L'inferno in ospedale
In quegli stessi giorni il Manzoni di Lecco diventava un campo di battaglia, investito da uno tsunami di ricoveri in emergenza. "Io non sapevo cosa stesse succedendo. Ma c’è stato un giorno, verso la fine della mia degenza monitorata nel reparto di terapia intensiva, quando cominciavo a sentirmi meglio, con i parametri vitali in netta ripresa, che mi sono accorto che medici e infermieri erano come spariti attorno a me. Ho allungato l’occhio e li ho visti che correvano avanti e indietro come disperati, dandosi da fare attorno a letti e lettini. Ricordo una sera, quando sono entrati da me due medici. Erano a fine turno, esausti. Ma dovevano ancora fare il giro di chiamate quotidiane ai famigliari dei pazienti per informarli sulla situazione. Io stavo meglio. Uno dei due mi ha guardato e mi ha chiesto: “Vuoi chiamarla tu tua moglie?”. Con quella telefonata ho capito che l’avevo scampata. Io mi ritengo superfortunato per come ho vissuto questa esperienza: grazie all’umanità rassicurante dei medici e delle infermiere che si sono presi cura di me, non ho mai avuto percezione della terribile gravità della mia condizione. L’ho realizzata dopo, quando mi sono sentito dire da due medici, uno dopo l’altro, la stessa frase: “Lei ha avuto una polmonite molto importante, e per essere nella situazione in cui è oggi ha fatto grandi passi avanti”. Mi sono invece accorto di un’altra cosa: c’era un esercito di gente che pregava per me, persone che mi hanno sostenuto tutti i giorni con messaggi di incoraggiamento. Per chi crede, questo è importante".
Le dimissioni
Roberto Timpano è stato dimesso il 24 marzo. "Sono uscito dall’ambulanza e ho affrontato la salita verso casa mia. Pensavo non mi avrebbero retto le gambe considerato il fisico debilitato che mi ritrovavo. Invece, a tradirmi è stato il fiato. Quando sono arrivato alla porta credevo di morire. Ho impiegato un quarto d’ora steso sul letto per riprendermi. Nei giorni successivi fare qualunque sforzo è stato un calvario, anche solo fare la doccia. Per tre settimane ho vissuto confinato nella mia camera da letto, con mia moglie e mio figlio che dormivano in un’altra stanza. Li vedevo dall’alto delle scale. Ci siamo ricongiunti solo a Pasqua. Mio figlio ha sofferto tantissimo questa situazione, non vedeva l’ora di riabbracciarmi. Adesso, appena può, mi si appiccica addosso".
La guarigione
Le dimissioni dall’ospedale non sono coincise con la certificazione della avvenuta guarigione. C’è voluto altro tempo. "Dopo due settimane di quarantena, mercoledì 8 aprile ho avuto l’esito del primo tampone: negativo. Il secondo è arrivato una settimana dopo, il 15 aprile: negativo. Finalmente martedì 21 il medico mi ha rilasciato il “foglio di via”: sono guarito - riepiloga Roberto - Teoricamente dal 4 maggio posso rientrare al lavoro".

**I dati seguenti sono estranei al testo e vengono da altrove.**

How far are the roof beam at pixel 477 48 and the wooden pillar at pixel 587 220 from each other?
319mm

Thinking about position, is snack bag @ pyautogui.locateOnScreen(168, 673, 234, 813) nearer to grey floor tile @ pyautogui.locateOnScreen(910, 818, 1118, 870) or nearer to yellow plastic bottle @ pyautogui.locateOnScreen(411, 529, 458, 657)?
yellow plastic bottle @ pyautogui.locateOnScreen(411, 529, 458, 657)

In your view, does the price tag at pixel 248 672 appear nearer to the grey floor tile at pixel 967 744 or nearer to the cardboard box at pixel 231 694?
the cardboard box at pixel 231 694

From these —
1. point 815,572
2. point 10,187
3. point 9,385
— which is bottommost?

Roberto ha naturalmente pensato e ripensato a quando e come abbia contratto il contagio. Del resto il suo lavoro allo sportello di un ufficio postale lo espone al contatto di una miriade di persone. "Adesso per me è più importante tornare pian piano in pista. Con la consapevolezza che la nostra vita non potrà più essere quella di prima, per nessuno2.